Disklavier - Yamaha's family of reproducing ("player") pianos.
distance learning - A specialized form of videoconferencing optimized for educational uses. Distance learning allows students to attend classes in a location distant from where the course is being presented. Two-way audio and video allows student and instructor interaction.
distortion - By its name you know it is a measure of unwanted signals. Distortion is the name given to anything that alters a pure input signal in any way other than changing its size. The most common forms of distortion are unwanted components or artifacts added to the original signal, including random and hum-related noise. Distortion measures a system's linearity -- or nonlinearity, whichever way you want to look at it. Anything unwanted added to the input signal changes its shape (skews, flattens, spikes, alters symmetry or asymmetry, even if these changes are microscopic, they are there). A spectral analysis of the output shows these unwanted components.
Distributed Mode Loudspeakers (DML) - Flat panel loudspeaker innovations based on the bending wave principal. Its simplest form consists of a small driver and a large thin panel. The driver coil excites the panel but due to the large flat surface, it does not move in and out but rather "bends"- that is, deforms in a bending wave. This wave travels throughout the panel provoking 360-degree radiation of sound in the process. Careful and complex design of the rigidity of the thin flexible panel allows it to increase from the middle to the edges at an equal ratio. This allows one panel to control most of the audio range, thus eliminating multiple drivers and crossover networks.
distribution amplifier - A splitter with added features. Distribution amplifiers (usually) feature balanced inputs and outputs with high-current line drivers (often cross-coupled) capable of driving very long lines.

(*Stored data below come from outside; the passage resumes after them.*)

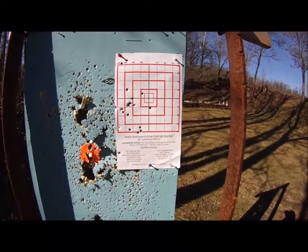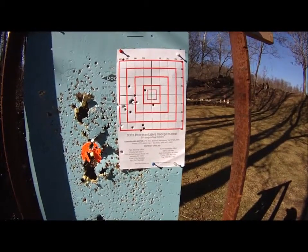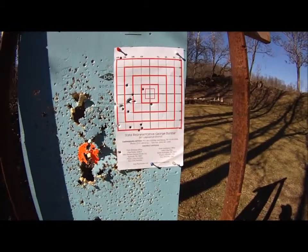The Glock 42, the .380 — shoots a little left with it. I tend to do that with Glocks, as I've heard a lot of people do.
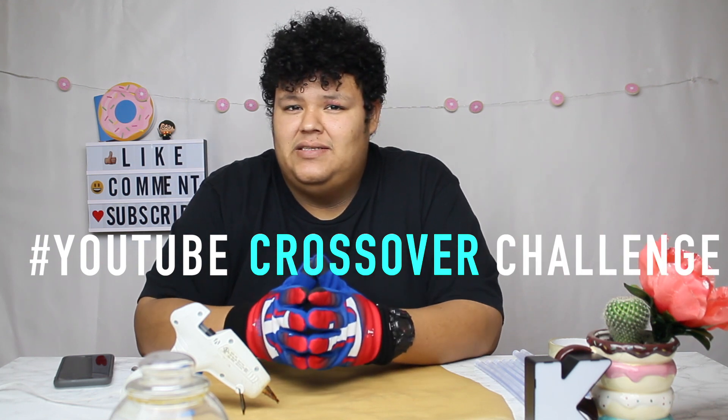Welcome to this episode of Thailand Tactics. Today I'm doing a collaboration with a channel called Golden Creations — I'll leave a link. We're starting a new challenge called the YouTube Crossover Challenge, where creators take over each other's activities. Today I'm taking on a crafting challenge with a fishing twist: I'm going to attempt to make my own lure and try to catch something with it later.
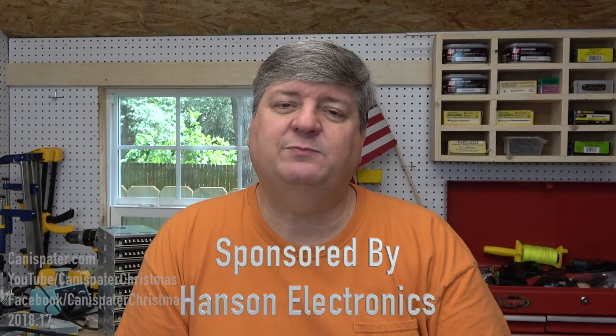Thanks again to Alan at Hansen Electronics for sponsoring this video. I hope this information was useful — as always, thanks for watching, and I'll see you again soon.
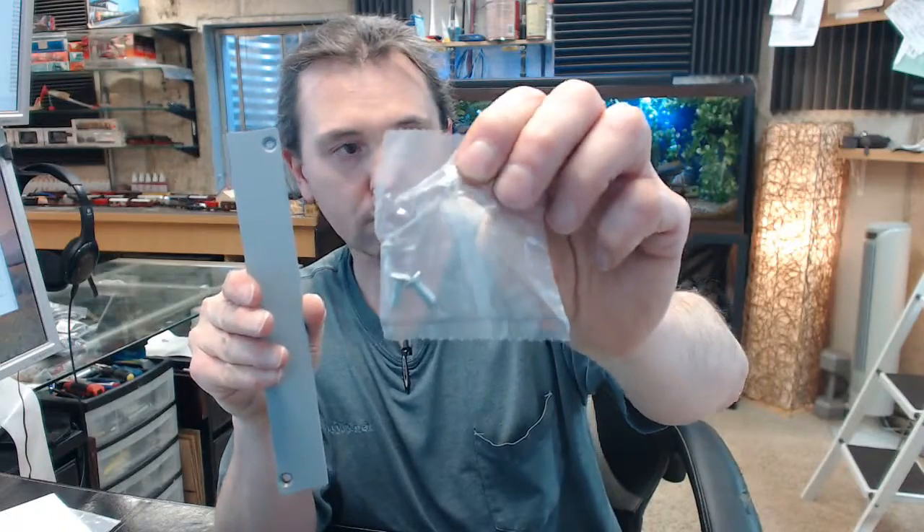Two holes, screws are provided — typical little item. Just uncommon because it is not all the time that you blank out an electric power transfer, but that is the bottom line.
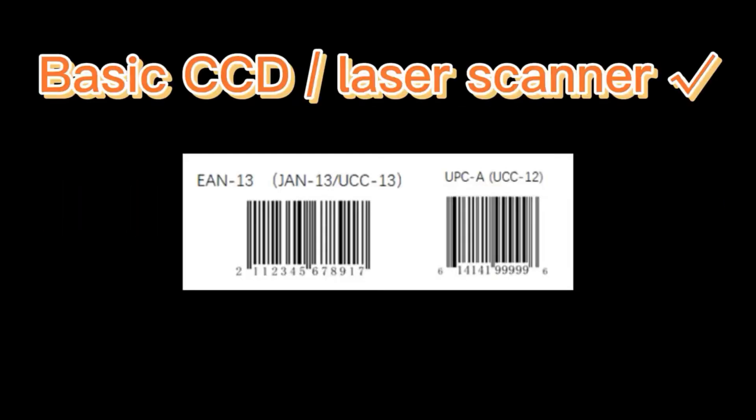We need to consider the performance of the scanners, depending on what kind of 1D barcodes you would like to read. If you only need to read common barcodes such as UPCA and EAN13, a laser or CCD scanner is good enough for you. For low contrast barcodes, I will suggest you choose a 2500 pixel CCD barcode scanner.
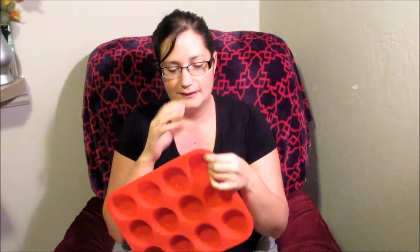This is one of those silicone pans, so it's super easy to just pop out the muffin or cupcake. I really like it, we've tried it, and I'll show you the clip of us pulling the muffins out of it.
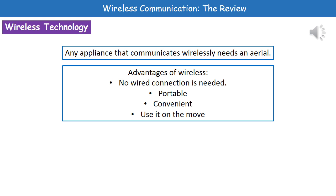Welcome to our review on wireless communication. These days you've probably got several wireless devices in your possession or in your home. Any appliance that communicates wirelessly needs an aerial, so you'll have one on your phone, your laptop, and anything else that's got a wireless communication capability.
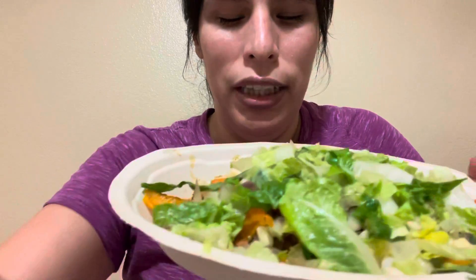Oh, that smells beautiful. This is what it looks like — there you go. I hope it tastes good, because now I'm stuck with this if I don't like it.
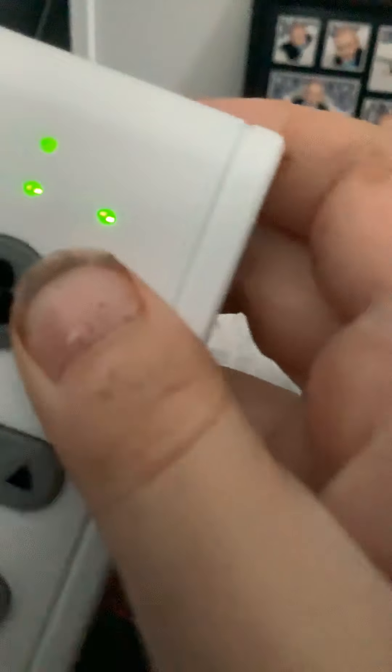I'll turn this one on if I can find the remote — there it is over there, sorry the camera's not focusing. Turning on the high speed — this one goes a little faster than that one for some reason. They're both controlled on different remotes, and this one just blew that now because it's so powerful.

dither - The noise (analog or digital) added to a signal prior to quantization (or word length reduction) which reduces the distortion and noise modulation resulting from the quantization process. Although there is a slight increase in the noise level, spectrally shaped dither can minimize the apparent increase. The noise is less objectionable than the distortion, and allows low-level signals to be heard more clearly. The most popular type of dither is called TPDF.
diversity antenna - Name for popular FM receiving system for automobiles (primarily) using two antennas located in different locations (typically one in the front and rear windshields) operating in parallel, configured such that the one receiving the strongest signal at any moment dominates, greatly reducing the effects of multipath.
DIY - Acronym for do-it-yourself, usually referring to various hobbies, especially audio-related.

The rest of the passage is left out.